What the exercise asks: In the entries below, every line with the string "Used" is to be reported.

Source data:
_ _ _

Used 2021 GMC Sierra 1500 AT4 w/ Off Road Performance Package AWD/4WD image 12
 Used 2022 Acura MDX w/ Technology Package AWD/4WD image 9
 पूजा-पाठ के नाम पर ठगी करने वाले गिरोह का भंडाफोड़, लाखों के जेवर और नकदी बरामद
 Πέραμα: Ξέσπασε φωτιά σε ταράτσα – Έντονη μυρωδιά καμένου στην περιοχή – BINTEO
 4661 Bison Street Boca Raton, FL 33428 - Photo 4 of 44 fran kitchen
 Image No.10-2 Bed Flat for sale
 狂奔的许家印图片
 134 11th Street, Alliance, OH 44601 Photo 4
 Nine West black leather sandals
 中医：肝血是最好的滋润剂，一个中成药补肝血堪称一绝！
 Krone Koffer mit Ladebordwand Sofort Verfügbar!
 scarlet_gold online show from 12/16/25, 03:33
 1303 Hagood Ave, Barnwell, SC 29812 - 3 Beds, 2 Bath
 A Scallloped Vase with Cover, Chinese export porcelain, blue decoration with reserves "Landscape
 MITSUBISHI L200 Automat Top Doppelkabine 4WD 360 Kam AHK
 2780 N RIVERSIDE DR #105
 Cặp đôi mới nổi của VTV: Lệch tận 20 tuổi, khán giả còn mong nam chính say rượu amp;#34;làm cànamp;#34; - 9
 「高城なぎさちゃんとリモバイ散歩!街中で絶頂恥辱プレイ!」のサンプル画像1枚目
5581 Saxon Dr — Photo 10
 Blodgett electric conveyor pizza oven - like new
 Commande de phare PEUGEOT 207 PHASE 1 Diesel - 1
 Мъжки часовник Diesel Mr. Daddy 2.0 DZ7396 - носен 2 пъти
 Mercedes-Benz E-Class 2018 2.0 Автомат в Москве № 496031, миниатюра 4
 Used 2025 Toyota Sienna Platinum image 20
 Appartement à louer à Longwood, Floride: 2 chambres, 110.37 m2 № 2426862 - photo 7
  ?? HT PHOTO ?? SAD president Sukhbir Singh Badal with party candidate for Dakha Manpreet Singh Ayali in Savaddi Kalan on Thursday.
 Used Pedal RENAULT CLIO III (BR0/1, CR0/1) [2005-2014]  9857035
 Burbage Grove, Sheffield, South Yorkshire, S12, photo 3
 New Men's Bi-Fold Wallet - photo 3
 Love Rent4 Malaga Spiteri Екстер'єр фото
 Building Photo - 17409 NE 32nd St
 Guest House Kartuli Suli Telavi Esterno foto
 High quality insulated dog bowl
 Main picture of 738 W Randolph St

_ _ _

Task result:
Used 2021 GMC Sierra 1500 AT4 w/ Off Road Performance Package AWD/4WD image 12
 Used 2022 Acura MDX w/ Technology Package AWD/4WD image 9
 Used 2025 Toyota Sienna Platinum image 20
 Used Pedal RENAULT CLIO III (BR0/1, CR0/1) [2005-2014]  9857035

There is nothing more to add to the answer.